The data Start Marker

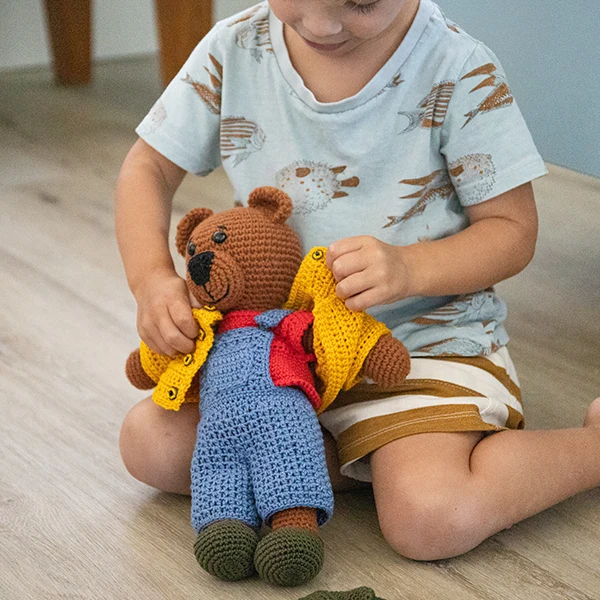 Häkelpaket „Traum-Ankleidebär“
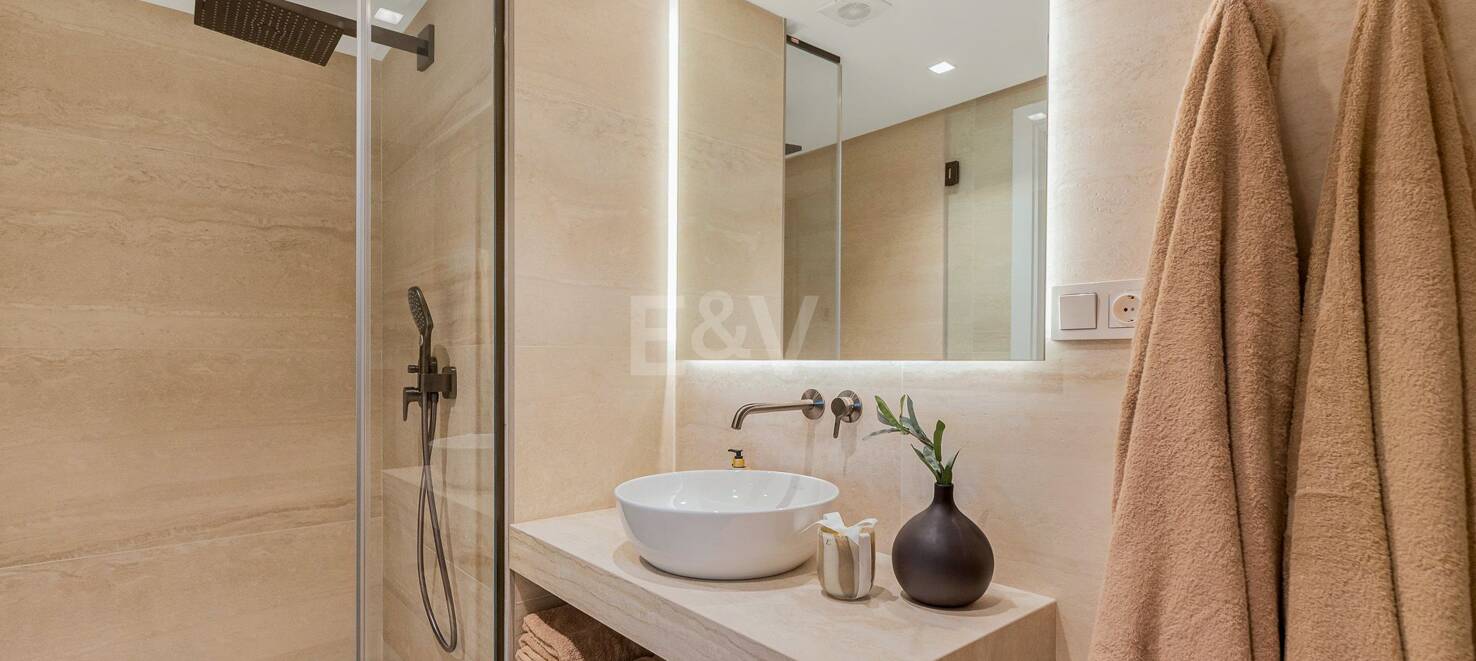 Exklusiv, moderniserad lägenhet direkt i Puerto Banús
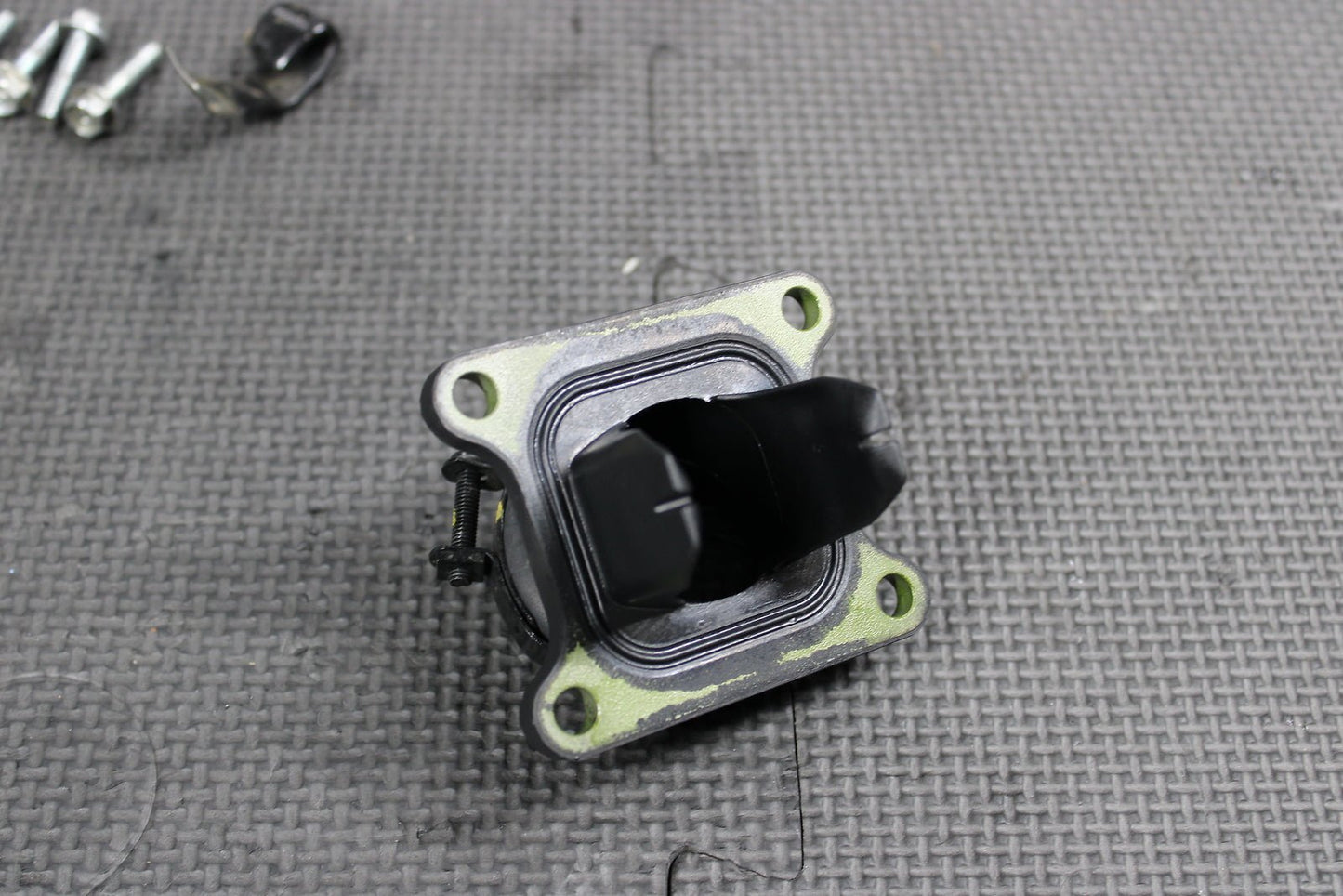 2020 KAWASAKI KX100 KX112 OEM INTAKE REED BLOCK ASSEMBLY - hggarage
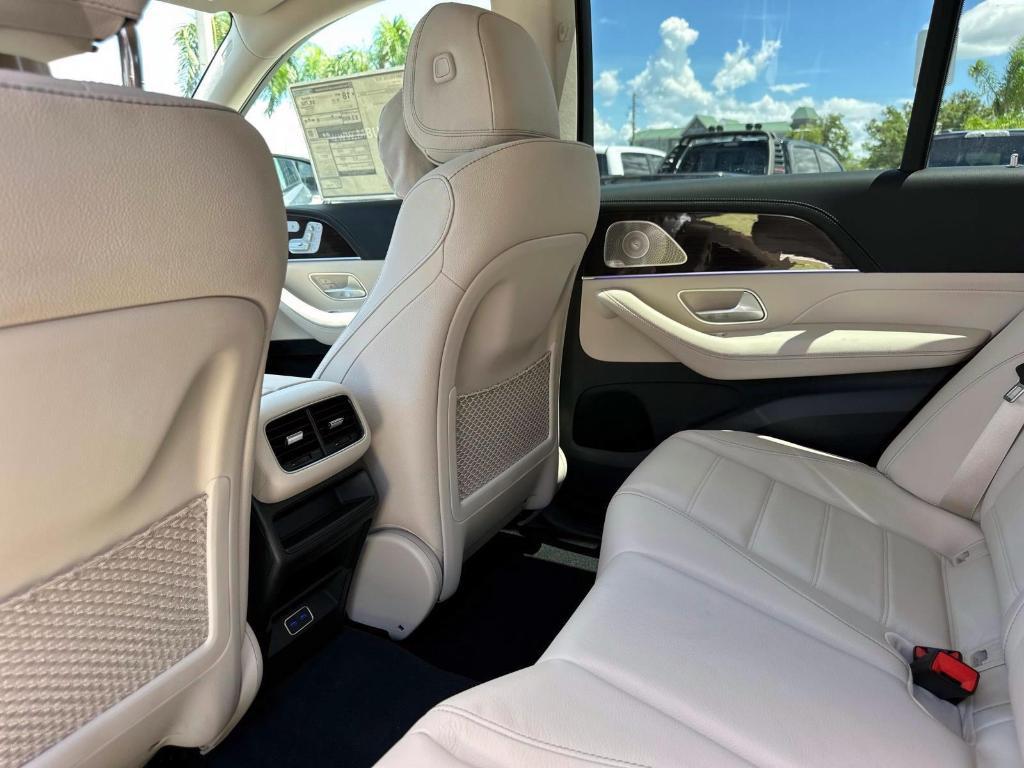 new 2026 Mercedes-Benz GLE 580 car, priced at $97,635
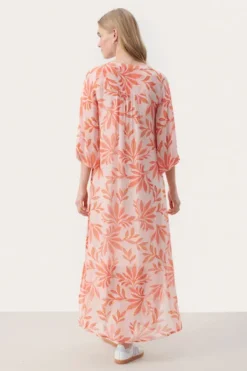 - Berit mekko, potpourri delicate Mekot Ja Hameet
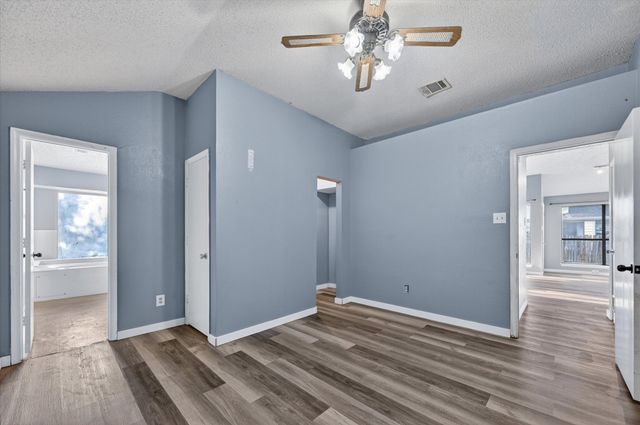 6217 Fairlane Drive, Arlington, TX 76001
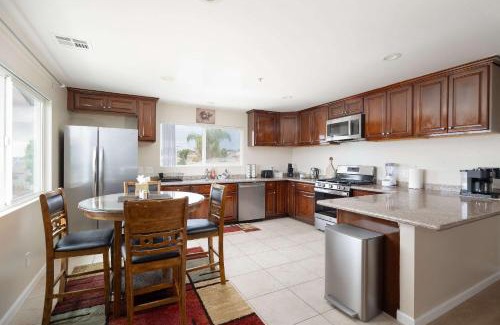 Paradise Hills Maison | 2 homes Central Villa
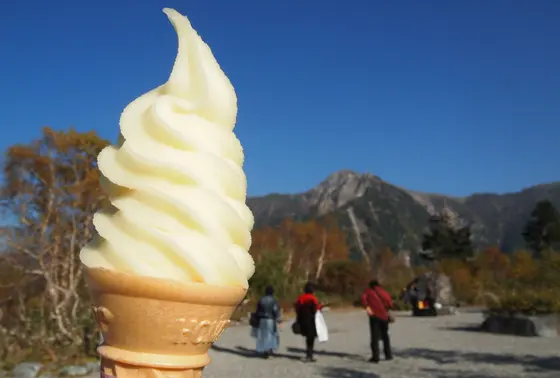 黒部平グルメ:りんごシャーベットソフト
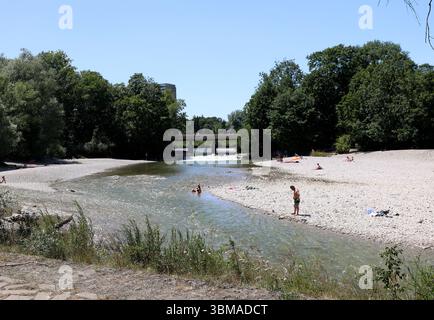 Ein Sommertag in der Landeshauptstadt München. Hier der Blick am Flauche auf Badegäste an der Isar, Sonnen, Sonnenbaden, Hitze, abkühlen, schwimmen, baden, erfrischen, Sommerhitze in der Stadt, Hitzeperiode *** Ein Sommertag in der Landeshauptstadt München hier ist der Blick auf Badende auf der Isar, Sonne, Sonnenbaden, Wärme, Abkühlung, schwimmen, Baden, Erfrischung, Sommerhitze in der Stadt, Hitzewelle Stockfoto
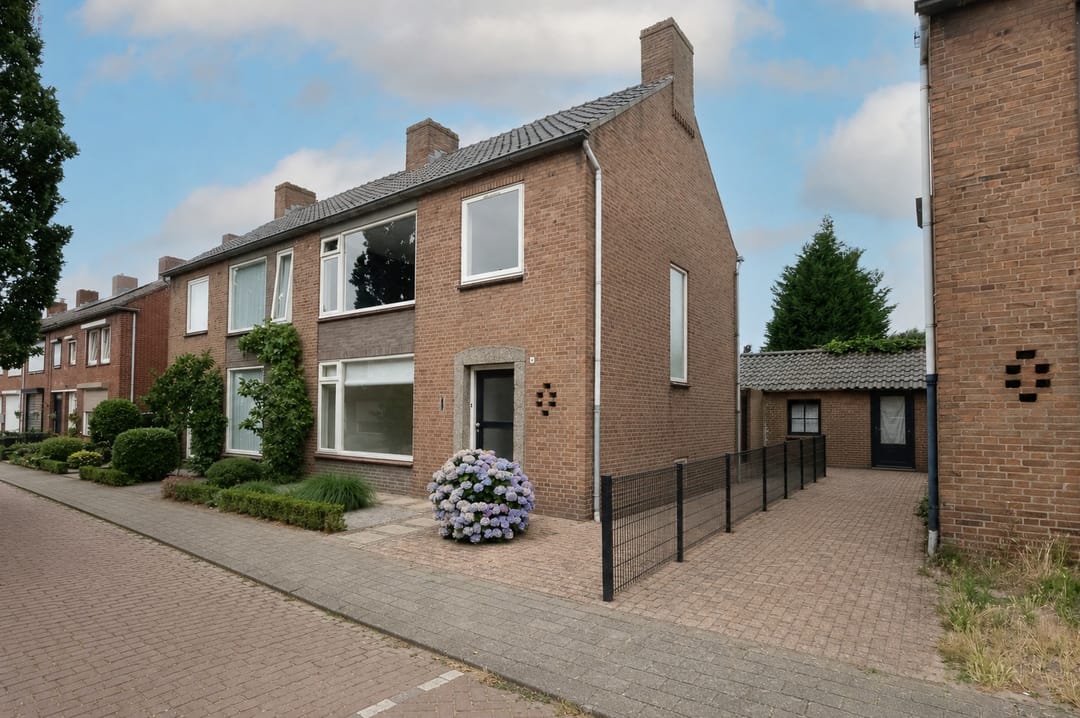 Photo 1 of Europastraat 19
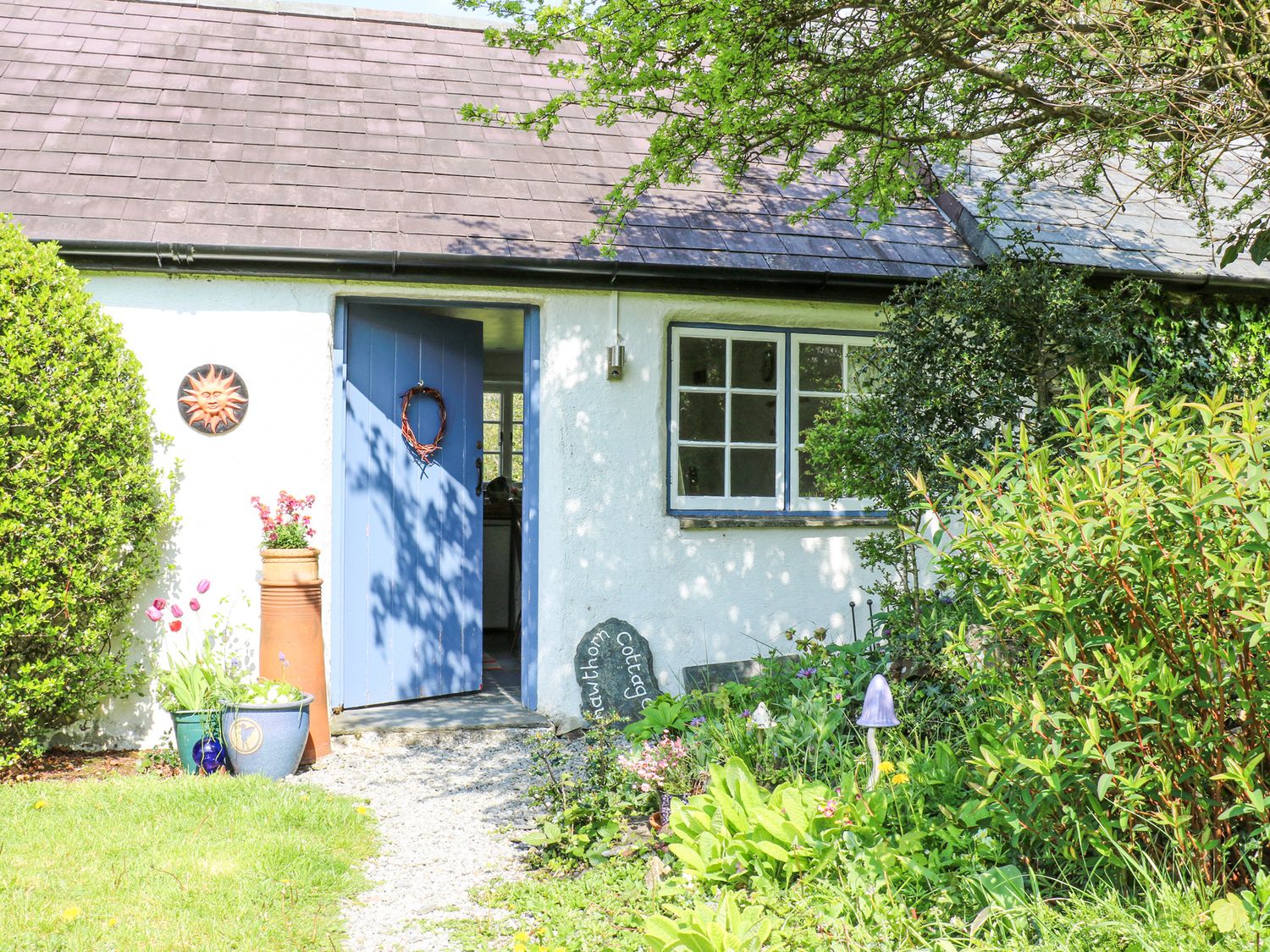 Hawthorn Cottage, Wales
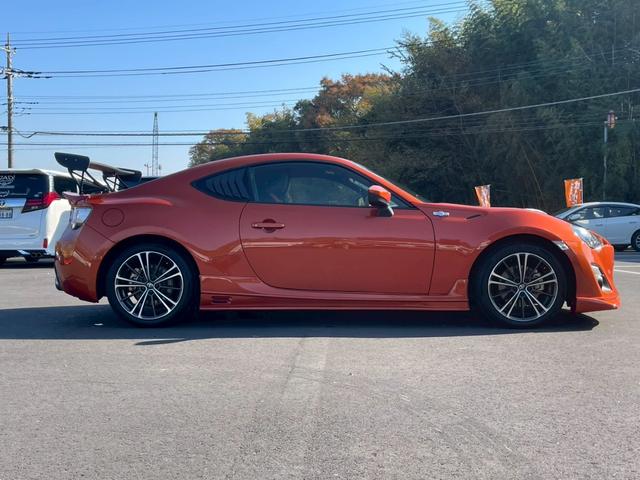 ８６ ＧＴ　社外エアロ　ウィング　ＴＥＩＮ車高調　社外ナビ　フルセグ　バックモニター　スマートキー　プッシュスタート　ＥＴＣ　純正アルミ（12枚目）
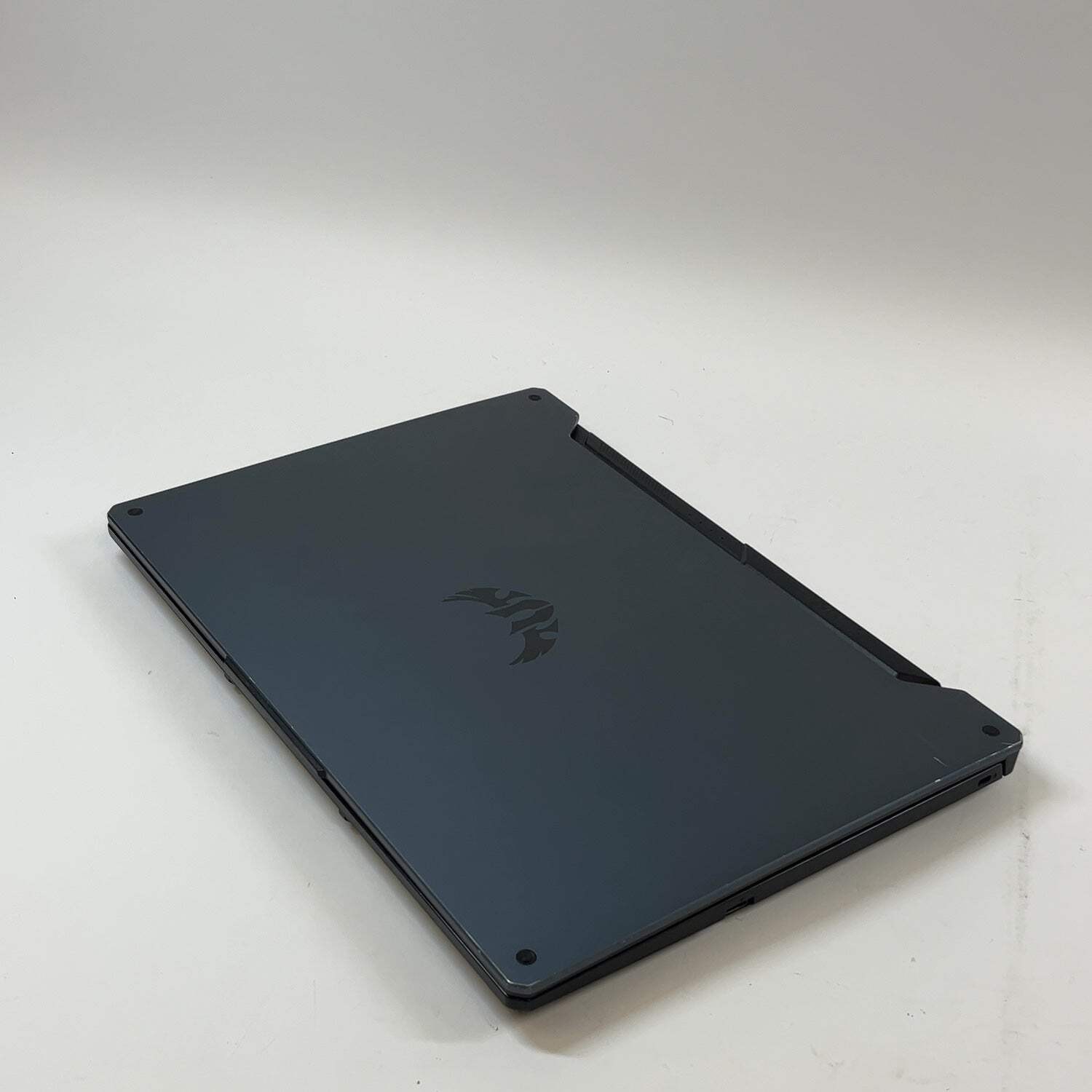 Asus TUF A15 FA566I 15.3″ Ryzen 5 4600H 8GB RAM 512GB SSD GeForce GTX 1650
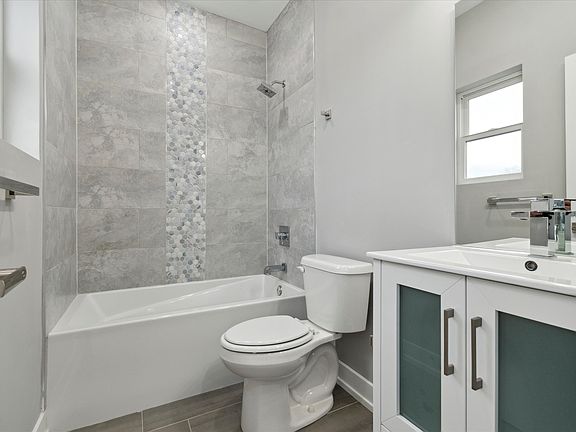 4th image of 649 N 35th St Unit 301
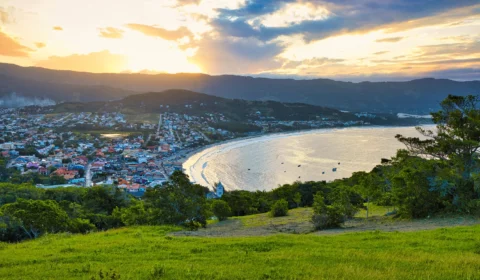 Paisagem exuberante em SC revela padrão suspeito de repasses para projetos de asfalto
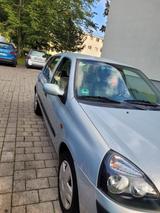 Renault Clio - gebrauchte Renault Clio aus dem Jahr 2002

The data End Marker

Task to carry out. With the pictures left out, transcribe exactly the lines from the line holding "８６ ＧＴ　社外エアロ　ウィ" through the closing line of the entries.

Solution to this task.
 ８６ ＧＴ　社外エアロ　ウィング　ＴＥＩＮ車高調　社外ナビ　フルセグ　バックモニター　スマートキー　プッシュスタート　ＥＴＣ　純正アルミ（12枚目）
 Asus TUF A15 FA566I 15.3″ Ryzen 5 4600H 8GB RAM 512GB SSD GeForce GTX 1650
 4th image of 649 N 35th St Unit 301
 Paisagem exuberante em SC revela padrão suspeito de repasses para projetos de asfalto
 Renault Clio - gebrauchte Renault Clio aus dem Jahr 2002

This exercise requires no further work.